- Born: c. 1887 Harlow, Essex, England
- Died: c. 1972 Wandsworth, London, England
- Employer: Women's Social and Political Union (WSPU)’s newspaper The Suffragette
- Children: 1

= Agnes Lake =

Agnes Caroline Lake (1887–1972) was a British suffragette who was the business manager of the Women's Social and Political Union (WSPU)’s newspaper The Suffragette.

== Life ==
Lake was born in 1887 in Harlow, Essex. She married Dr. William Henry Whatmough in 1910. They had one daughter, who was born in the United States of America.

Lake was employed as the business manager of the Women's Social and Political Union (WSPU)’s newspaper The Suffragette. She liaised with Emmeline and Christabel Pankhurst about improving the publications content and layout.

On 30 April 1913, Lake was arrested alongside Beatrice Sanders, Rachel Barrett, Harriet Kerr and Flora Drummond when police raided the WSPU headquarters. She was charged with conspiracy under the Malicious Damage to Property Act and was sentenced to 21 months imprisonment. In June 1913, she was transferred to Warwick Goal in Warwickshire, where she went on hunger strike and was force fed.
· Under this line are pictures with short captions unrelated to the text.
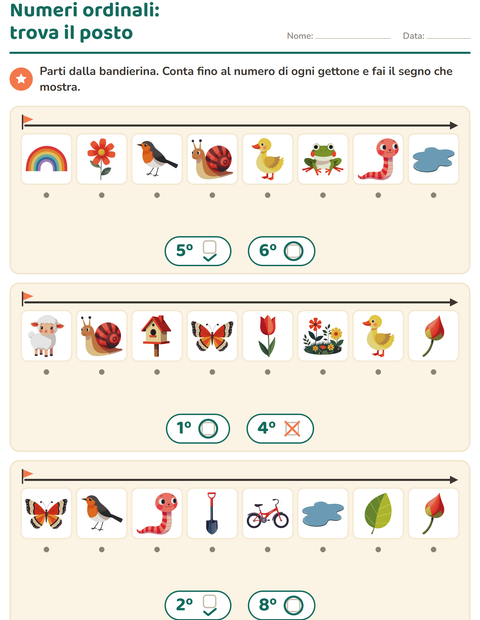 Anteprima della scheda di Numeri ordinali con Primavera per Scuola dell'infanzia (5-7 anni)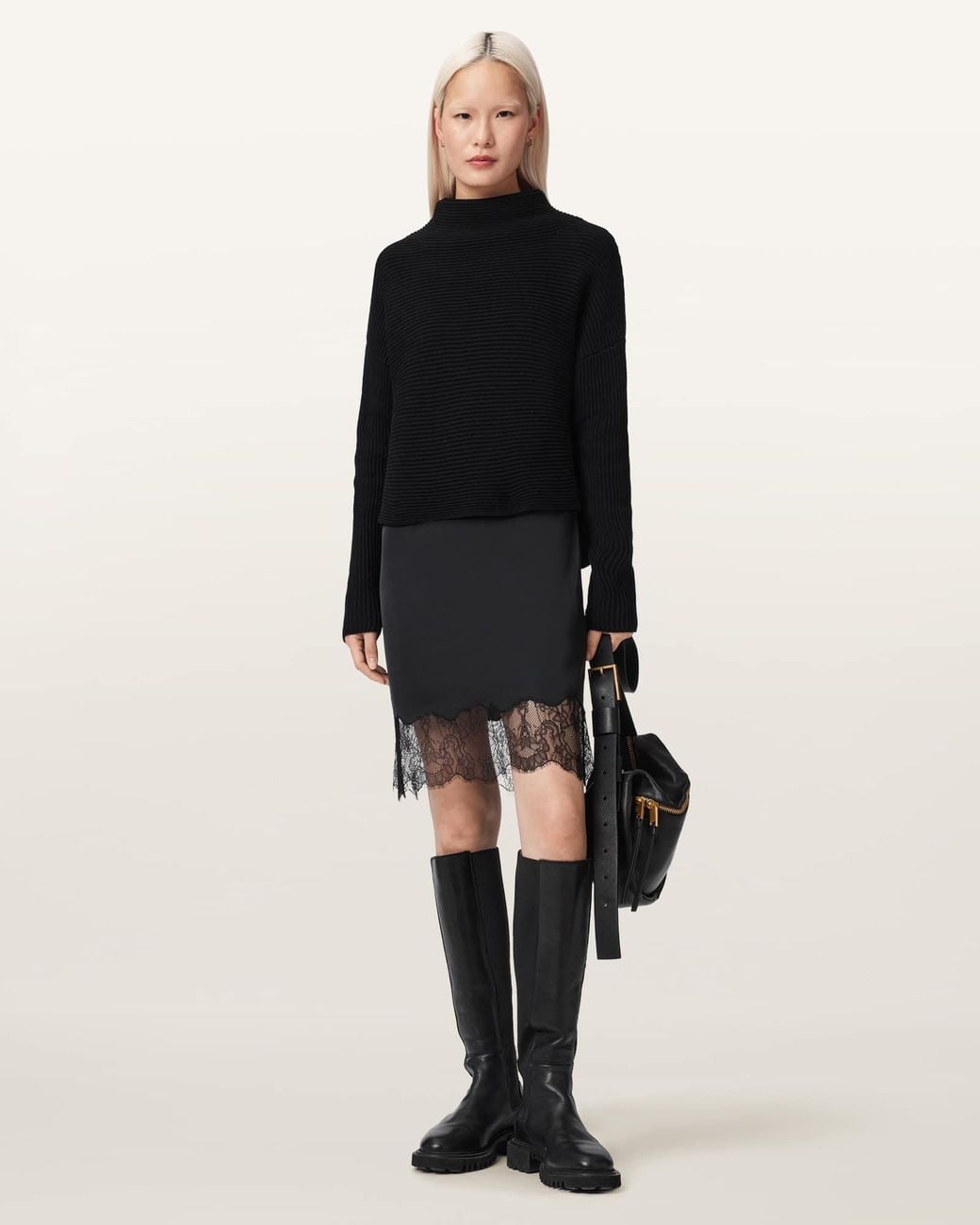 AllSaints Black Eloise 2-In-1 Sweater Dress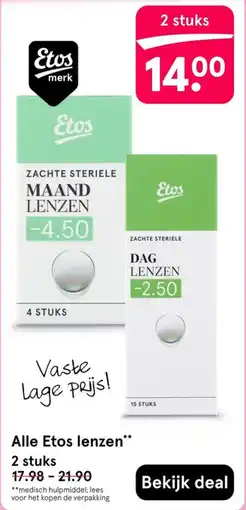 Etos Etos zachte steriele maandlenzen -4.50 aanbieding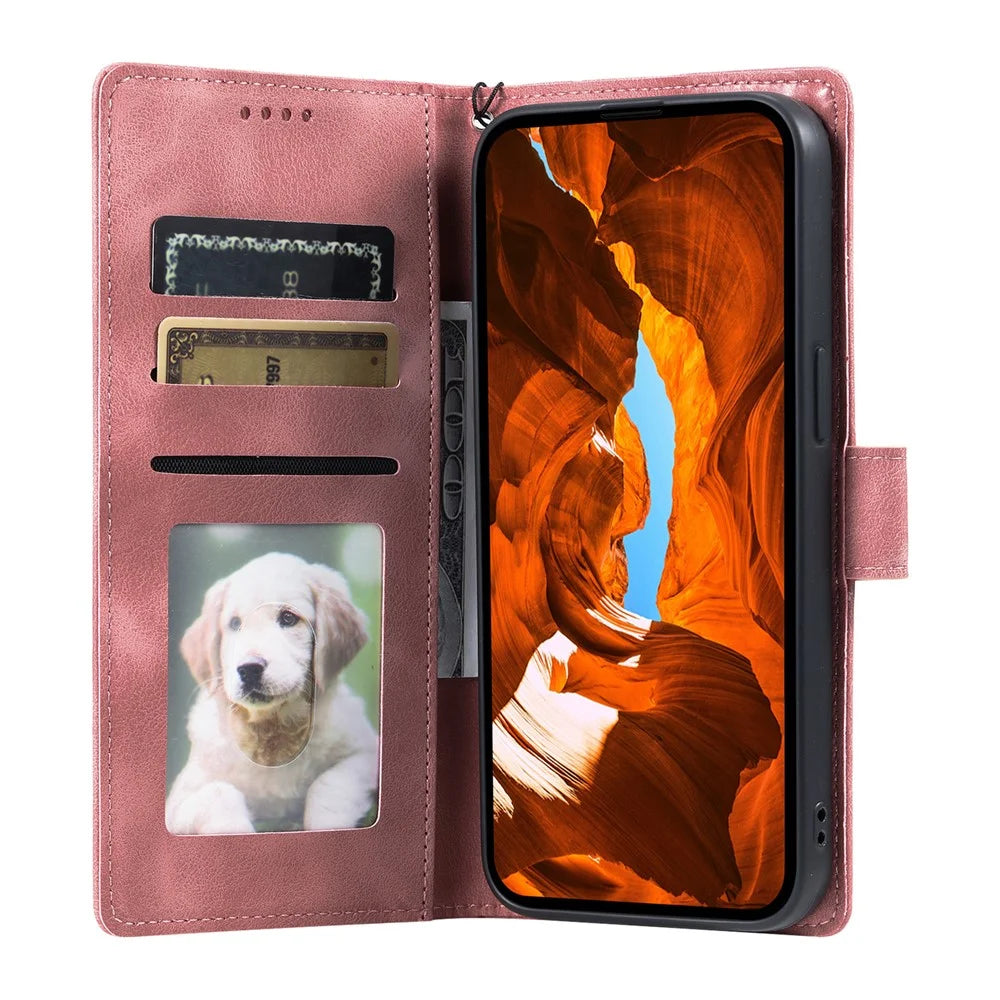 For iPhone 18 Pro Max / 17 Pro Max Case Imprinted Totem Skin Feel Wallet Leather Phone Cover with Hand Strap - Rose Gold - 2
She was so unwell by October 1913 that she was moved into a nursing home in Royal Leamington Spa under the "Cat and Mouse Act." It is likely that she was awarded the Hunger Strike Medal. After absconding from the nursing home with the help of a local suffragette called Mrs Bell, she was rearrested outside her home in Leytonstone, London, during December 1913.

Lake was later dismissed from her role with the WSPU's newspaper, which Christabel Pankhurst said was "purely a business matter".

She died in 1972 in Wandsworth, London, aged 84.